Everything in life misses us, when we’re not present.
Friday 3/3
An excerpt from PositivePsychology.com
Self-talk is the internal narrative you hold about yourself. It’s your inner voice and you may or may not have spent much time thinking about it or giving it any attention.
The truth is, our self-talk can actually have a much bigger influence on the way we see ourselves, and the world around us than we realize.
If positive self-talk seems like foreign territory to you, it might be difficult to know where to begin in terms of effective positive statements and phrases to try.
It’s important to know that not everyone’s positive self-talk will be the same, and you should try a few different approaches to find the ones that ultimately work for you.
Here are ten just to get you started:
- I have the power to change my mind.
- Attempting to do this took courage and I am proud of myself for trying.
- Even though it wasn’t the outcome I hoped for, I learned a lot about myself.
- I might still have a way to go, but I am proud of how far I have already come.
- I am capable and strong, I can get through this.
- Tomorrow is a chance to try again, with the lessons learned from today.
- I will give it my all to make this work.
- I can’t control what other people think, say or do. I can only control me.
- This is an opportunity for me to try something new.
- I can learn from this situation and grow as a person.
Thursday 3/2
Today and every day, choose happiness! Liv knows how…we ALL know how, we just forget.
Session Four: 3/1/23
THE KEY INSIGHT IS THAT MINDFULNESS IN ITS DEEPEST SENSE IS ABOUT MORE THAN ATTENTION AND ATTITUDES OF MIND. IT IS ALSO A WAY OF BEING IN THE WORLD WITH CLARITY, CARE, AND EASE — A STATE OF BEING THAT CAN BE CHARACTERIZED AS CALM ABIDING.
Mindfulness Route Map
Embodiment occurs when there is an alignment among our intentions, thoughts, physical bodily expression and action.
When this happens, we can be present with a certain ease of being, living with intentionality, presence and care.
With meditation feeding the roots, awareness grows, and your tree of life blossoms!
Recommended Reading by Jon Kabat-Zinn
The Coming to Our Senses Series
In this series of four books, Jon updates the material in his 2005 book, Coming to Our Senses: Healing Ourselves and the World Through Mindfulness. Each book opens with a brand new foreword. There is no question that if mindfulness was important when Coming to Our Senses first came out in 2005, it is infinitely more important now—personally, societally, and globally.

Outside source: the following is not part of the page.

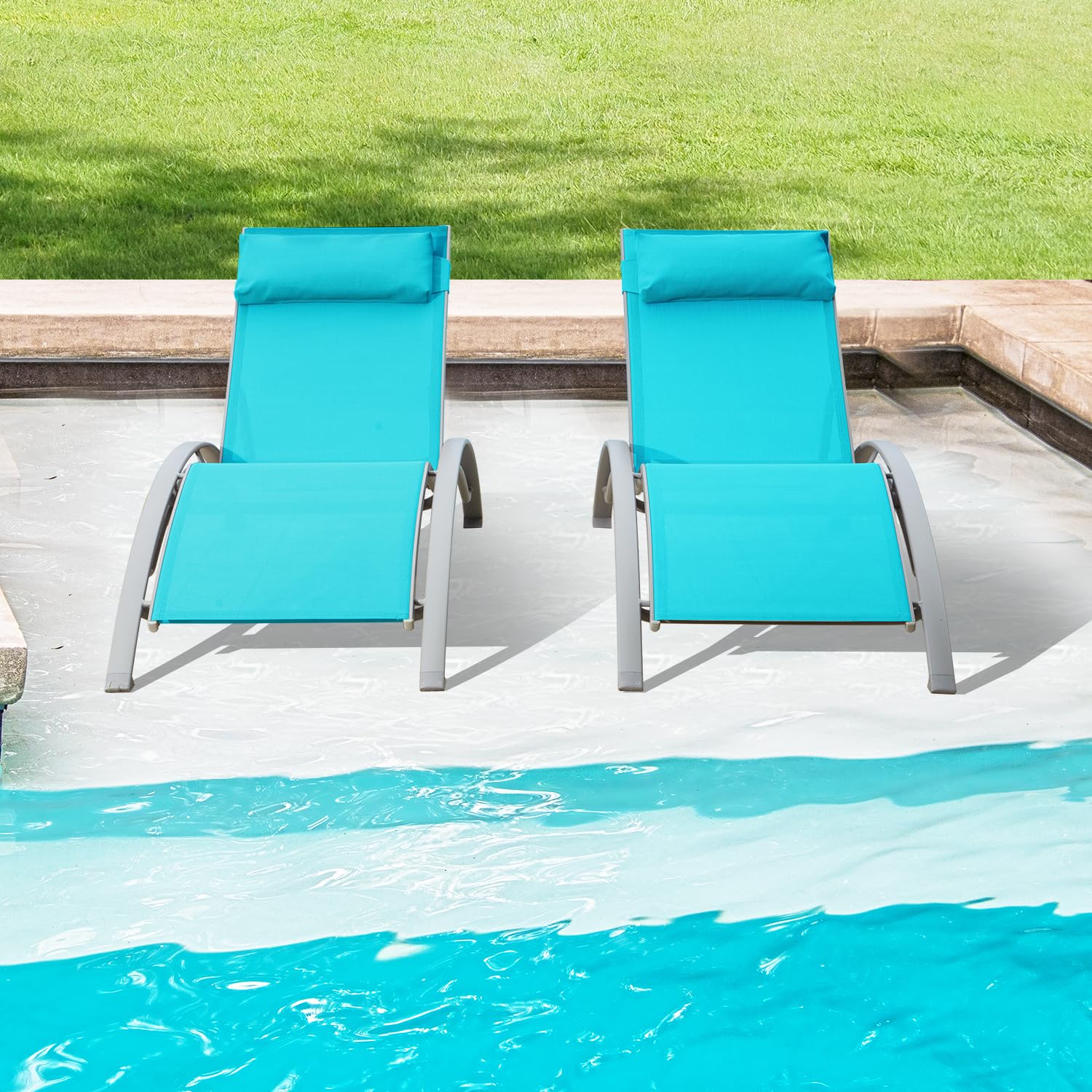 Deck Chair Lounger - Lettini Prendisole in Alluminio per Esterni,
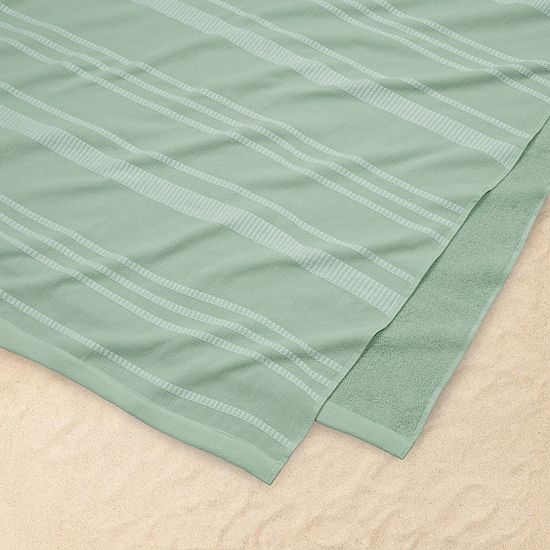 The Big One® Green Striped Sand Resistant Beach Towel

Book 1: Meditation Is Not What You Think
Meditation Is Not What You Think, addresses the essence of mindfulness, what it is, where it comes from, and why it is so important. You can think of this book as the what and the why of mindfulness, both in terms of your personal life, and in terms of the planet and the threats it is facing, all stemming from human activity, and in particular, the human mind when it doesn’t know itself.

Book 2: Falling Awake
Falling Awake describes various ways to cultivate mindfulness as a formal meditation practice and as a way of being. You could think of it as the how of mindfulness, what it takes to cultivate it in your own life in ways that might be deeply satisfying, meaningful, and ultimately, liberating; or put differently, to engage in the practice as a love affair with what might be most important to you. It includes instructions for both literally and metaphorically tapping into your sensory experience in both formal practice and in everyday living. It provides detailed instructions and guidance in the body scan (lying down meditation), sitting meditations, standing meditations, gentle mindful hatha yoga, and walking meditation. It also describes how to utilize all your sense doors to take up residency in awareness, moment by moment by moment, fully embodied, and paradoxically, outside of time – not only during formal meditation practice but in everyday living, which, when all is said and done, is the real meditation practice.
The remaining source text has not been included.